Maybe that’s why he was able to remain calm during this latest catastrophe. He only sighed as he stared at the charred remnants of his house, eying the wisps of smoke still rising from the ruin in the early morning light, was number one on that list.

“Damn, Reece, I’m so sorry,” said his brother Rowan, who’d been the one to call him at two a.m. to tell him about the fire. He’d repeated the phrase about a dozen times.

Reece had been shooting in the New Mexico desert, so his Beverly Hills home had been empty when it went up in flames last night. He’d spent most of the flight back being thankful he’d left his dog with his and had given the couple who looked after the place two weeks off. During other trips, he’d left Cecil B., his golden retriever, at home with the Scotts. He didn’t even want to think about what could have happened if they’d been there. Shit could be replaced. Lives could not. The loss of a couple of statues of a guy named Oscar was nothing compared to the singeing of one hair on the heads of his employees or his dog.

“Any idea yet what started it?” he bit out.
“I talked to the fire investigator. He already found accelerant.”
Accelerant. Arson? Jesus.
“Somebody hates me enough to burn down my house?” Reece murmured, a little more stunned by that fact than by the fire itself.
“It could have been a frustrated stalker who expected to find you at home.”
“And when I wasn’t, they decided to make sure I didn’t have a home to come back to?”
“You know it’s possible.”

Yes, it probably was. He’d had overzealous fans before, mostly during his acting days. They occasionally slipped from pushy into obsessive. He’d been dealing with a particularly bad one lately, who’d found out where he lived and had been leaving notes stuffed into the security gate. Perhaps that was who had gotten past the fence last night and decided to send his home up in a giant ball of flame that had, reportedly, been seen by people miles away.

“Do you ever wonder if we’re damned?” he asked.
He’d had this thought many times over the years but had never shared it with his twin.
“Don’t say that.”
He didn’t push, knowing Rowan had done a better job moving beyond all the dark episodes of the past. Reece, though, had found letting that go extremely difficult to do.
“You know you can stay with me for a while. At least until you find another place,” Rowan offered.

Reece nodded. “Dad has a spare room, too.”
Reece, his twin Rowan, and their baby brother, Raine, had bought their hardworking father, who’d supported them all his life, a big place on the beach a few months ago. His dad would hate to hear about the fire but would probably love some company.

Reece watched silently as firefighters walked the site. They carefully looked for any sputtering embers trying to reignite. With the drought, they also had to be sure no sparks landed on a nearby roof, spreading the conflagration to the entire neighborhood.

“Why don’t we get outta here?” Rowan asked. “You’ve given your statement. You don’t have to stay. Want some breakfast? We can pick up Cecil B. and take him out for pancakes.”

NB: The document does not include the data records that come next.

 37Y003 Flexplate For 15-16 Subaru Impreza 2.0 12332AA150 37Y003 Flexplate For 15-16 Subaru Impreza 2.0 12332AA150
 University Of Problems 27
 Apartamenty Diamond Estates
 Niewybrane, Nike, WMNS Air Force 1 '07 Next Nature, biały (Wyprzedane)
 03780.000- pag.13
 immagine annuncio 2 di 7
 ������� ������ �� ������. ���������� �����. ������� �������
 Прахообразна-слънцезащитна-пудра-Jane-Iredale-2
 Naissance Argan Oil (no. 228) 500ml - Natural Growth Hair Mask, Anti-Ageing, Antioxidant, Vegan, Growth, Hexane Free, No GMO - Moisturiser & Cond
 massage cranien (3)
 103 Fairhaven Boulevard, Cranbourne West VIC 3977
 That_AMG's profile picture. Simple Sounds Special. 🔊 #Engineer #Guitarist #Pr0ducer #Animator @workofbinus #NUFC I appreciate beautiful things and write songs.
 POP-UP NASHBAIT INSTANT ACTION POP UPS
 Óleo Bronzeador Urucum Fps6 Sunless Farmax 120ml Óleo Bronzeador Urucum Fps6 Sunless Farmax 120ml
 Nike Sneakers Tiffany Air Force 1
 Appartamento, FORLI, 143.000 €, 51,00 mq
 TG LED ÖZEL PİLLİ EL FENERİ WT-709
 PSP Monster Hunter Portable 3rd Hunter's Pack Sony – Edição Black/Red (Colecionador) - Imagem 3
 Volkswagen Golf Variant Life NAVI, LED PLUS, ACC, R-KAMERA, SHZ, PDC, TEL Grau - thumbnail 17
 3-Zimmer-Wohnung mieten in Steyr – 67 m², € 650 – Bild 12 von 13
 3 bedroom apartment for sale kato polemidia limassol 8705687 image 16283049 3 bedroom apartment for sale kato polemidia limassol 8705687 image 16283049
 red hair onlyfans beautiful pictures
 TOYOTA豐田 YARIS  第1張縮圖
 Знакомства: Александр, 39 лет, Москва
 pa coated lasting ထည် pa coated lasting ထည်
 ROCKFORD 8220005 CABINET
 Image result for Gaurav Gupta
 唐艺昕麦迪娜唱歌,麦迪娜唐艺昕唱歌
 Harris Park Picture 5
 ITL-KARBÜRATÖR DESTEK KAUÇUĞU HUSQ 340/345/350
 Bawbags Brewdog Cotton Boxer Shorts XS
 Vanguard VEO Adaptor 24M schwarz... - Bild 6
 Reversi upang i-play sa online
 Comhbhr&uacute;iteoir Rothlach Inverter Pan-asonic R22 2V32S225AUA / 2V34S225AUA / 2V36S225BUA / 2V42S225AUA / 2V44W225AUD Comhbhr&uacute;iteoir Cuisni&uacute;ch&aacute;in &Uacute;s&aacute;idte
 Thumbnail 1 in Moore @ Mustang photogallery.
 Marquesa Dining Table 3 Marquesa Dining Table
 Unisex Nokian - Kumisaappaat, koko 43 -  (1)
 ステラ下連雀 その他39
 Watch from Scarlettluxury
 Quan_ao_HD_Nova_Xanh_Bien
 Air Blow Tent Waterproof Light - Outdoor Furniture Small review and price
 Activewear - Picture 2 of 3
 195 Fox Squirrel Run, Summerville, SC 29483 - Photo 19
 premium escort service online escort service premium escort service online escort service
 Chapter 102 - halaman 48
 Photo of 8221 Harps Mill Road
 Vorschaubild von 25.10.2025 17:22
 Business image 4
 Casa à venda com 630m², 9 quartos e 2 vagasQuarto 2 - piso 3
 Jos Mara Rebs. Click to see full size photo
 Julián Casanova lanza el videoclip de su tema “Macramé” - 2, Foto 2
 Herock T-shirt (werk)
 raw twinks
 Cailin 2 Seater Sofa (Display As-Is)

Seeing his dog sounded like a great idea to Reece. “Sure.” He was hungry, as, he suspected, were the sweaty, exhausted firefighters. He’d already put in an order for cold drinks and food for the guys who’d tried so hard to rescue his six-thousand-square-foot house.

Just a house. Just a building. Right.
Frankly, the worst part wasn’t the fire, but the realization that someone had set it. He was in somebody’s crosshairs. The knowledge unsettled him.